The interaction between Fe requirements and N metabolism in centric diatoms was investigated to determine whether use of nitrate (NO3-) imparts a higher cellular Fe demand for growth than use of ammonium (NH4+), and thus reduces fitness under Fe deficiency. Six species of the genus Thalassiosira from a variety of habitats were examined. Coastal and central gyre representatives grew faster in Fe-sufficient media containing NH4+, but isolates from the equatorial Pacific, an oceanic high-nutrient, low- biomass region, achieved maximum rates with NO3-. Iron quotas ranged from 26 to 102 μmol Fe mol-1 C and were not affected in a predictable manner by N source or habitat. Relative growth rates were diminished in Fe-deficienl media, particularly in coastal species which grew at less than 25% of their maximum rates (μ(max)).

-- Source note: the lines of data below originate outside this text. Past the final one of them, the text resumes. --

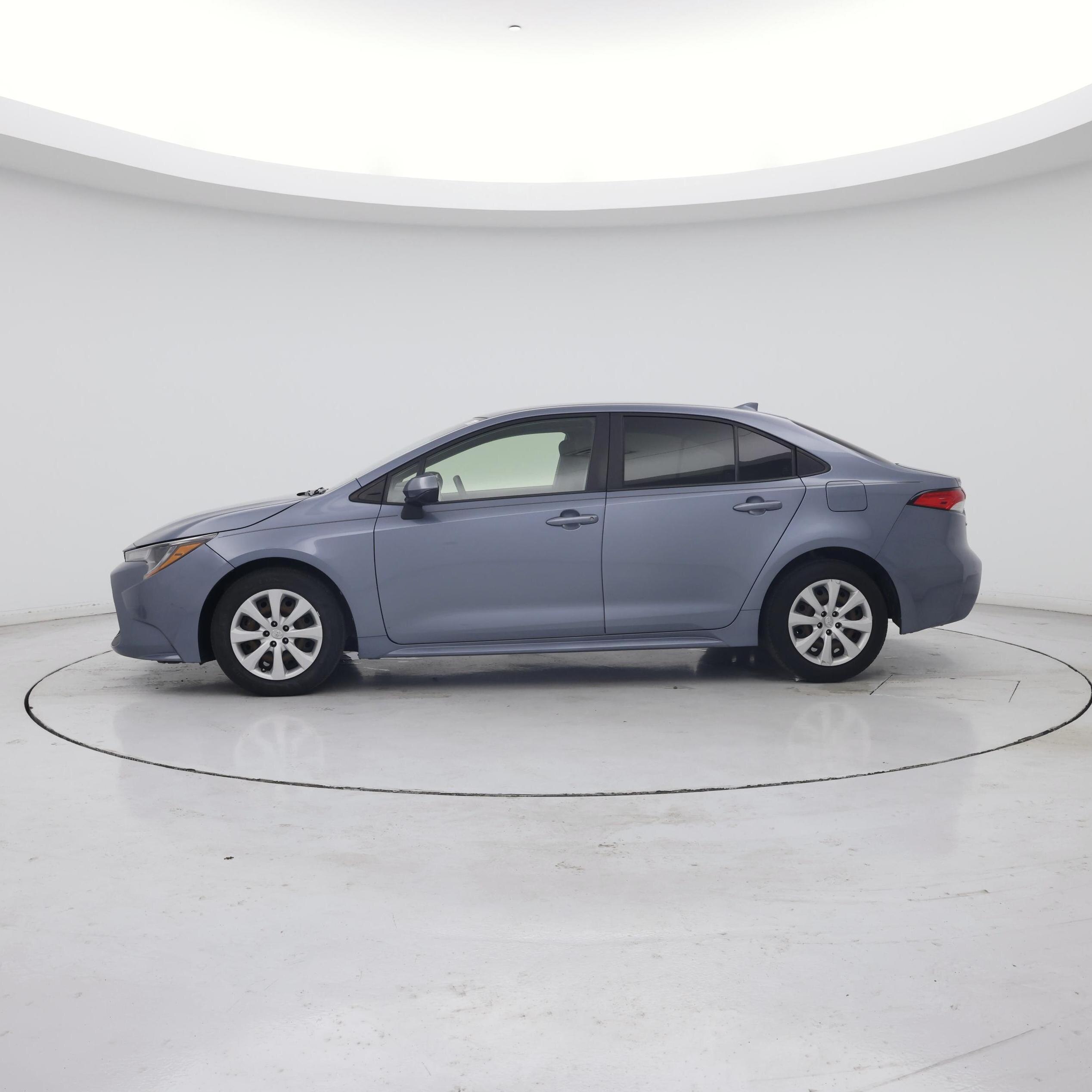 Thumbnail: 2021 Toyota Corolla - 3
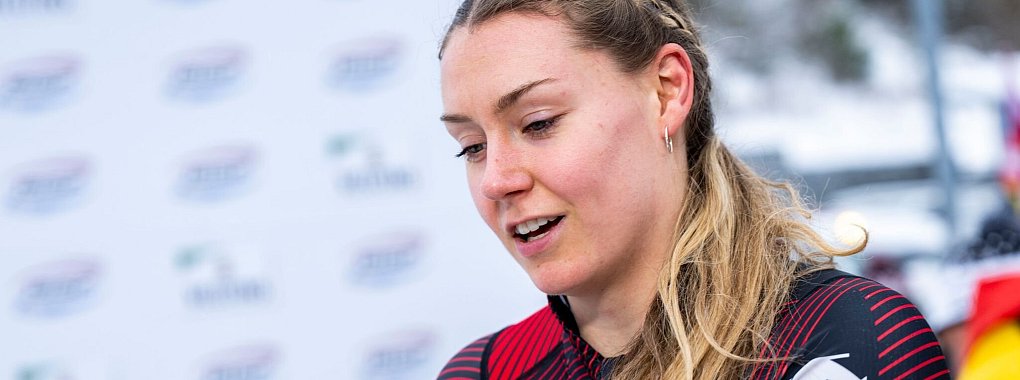 Die gesundheitlich angeschlagene Weltmeisterin Laura Nolte kam im Monobob-Rennen in St. Moritz auf Platz drei - © David Inderlied/dpa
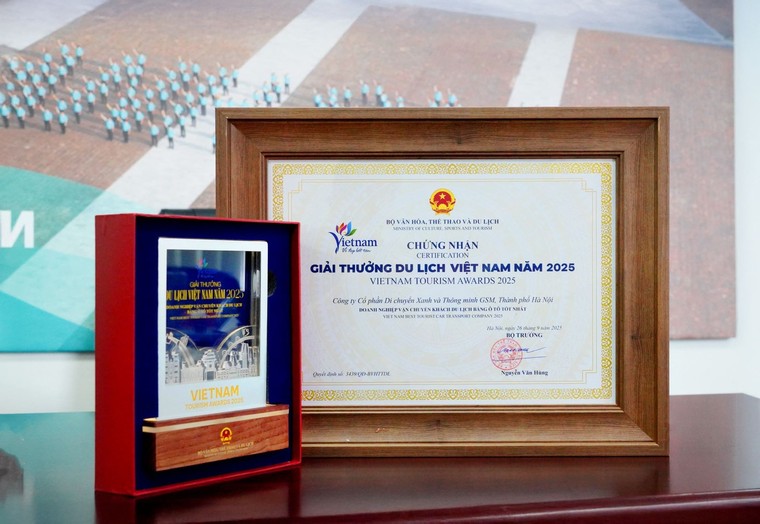Xanh SM là “Doanh nghiệp kinh doanh vận chuyển khách du lịch bằng ô tô tốt nhất” ảnh 1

All oceanic species maintained fast rates of growth (0.8 μ(max)) under the same Fe-limiting conditions, despite having 4 times less intracellular Fe than the coastal species. Fe:C ratios of Fe-deficient Thalassiosira spp. ranged from 0.7 to 14 μmol mol-1 and were significantly greater (by ~ 1.8 times) in all species when NO3- was the N source (p < 0.05). Steady-state Fe uptake rates were also faster in NO3- dependent ceils at low Fe. Nitrogen source had different effects on Fe-limited growth rates. Surprisingly, T. oceanice (clone 1003) and T. weissflogii grew faster with NO3- even though higher Fe requirements for use of oxidized N were expected to reduce division rates relative to NH4+-grown cells. When total Fe concentrations in the medium were decreased to 1 nM, growth rates of T. oceanica (clone 1003) decreased to 0.2 μ(max) and were significantly faster (25 %) in NH4+ than in NO3- -amended media. Under these more stressful Fe-limiting conditions, Fe quotas were the same in cells cultured in both N- based media. Our results thus demonstrate that phototrophic phytoplankton require significantly more cellular Fe to grow on NO3- than NH4+. Nitrate-grown cells are able to obtain this extra Fe, even when Fe is limiting, suggesting that Fe acquisition is somehow linked to NO3- metabolism. Under severe Fe deficiency, however, NO3- utilization reduces division rates compared to NH4+, because cells are unable to fulfill their extra Fe requirements.